▶ _RAW DATA_
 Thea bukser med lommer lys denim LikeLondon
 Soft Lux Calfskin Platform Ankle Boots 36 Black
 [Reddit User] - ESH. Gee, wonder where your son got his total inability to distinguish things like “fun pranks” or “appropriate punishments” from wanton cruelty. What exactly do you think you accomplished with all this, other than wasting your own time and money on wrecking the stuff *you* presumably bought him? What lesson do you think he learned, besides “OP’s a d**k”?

▶ _WHAT YOU ARE ASKED TO DO_
Go through the data above and return every line exactly.

▶ _SOLUTION FOR THIS TASK_
 Thea bukser med lommer lys denim LikeLondon
 Soft Lux Calfskin Platform Ankle Boots 36 Black
 [Reddit User] - ESH. Gee, wonder where your son got his total inability to distinguish things like “fun pranks” or “appropriate punishments” from wanton cruelty. What exactly do you think you accomplished with all this, other than wasting your own time and money on wrecking the stuff *you* presumably bought him? What lesson do you think he learned, besides “OP’s a d**k”?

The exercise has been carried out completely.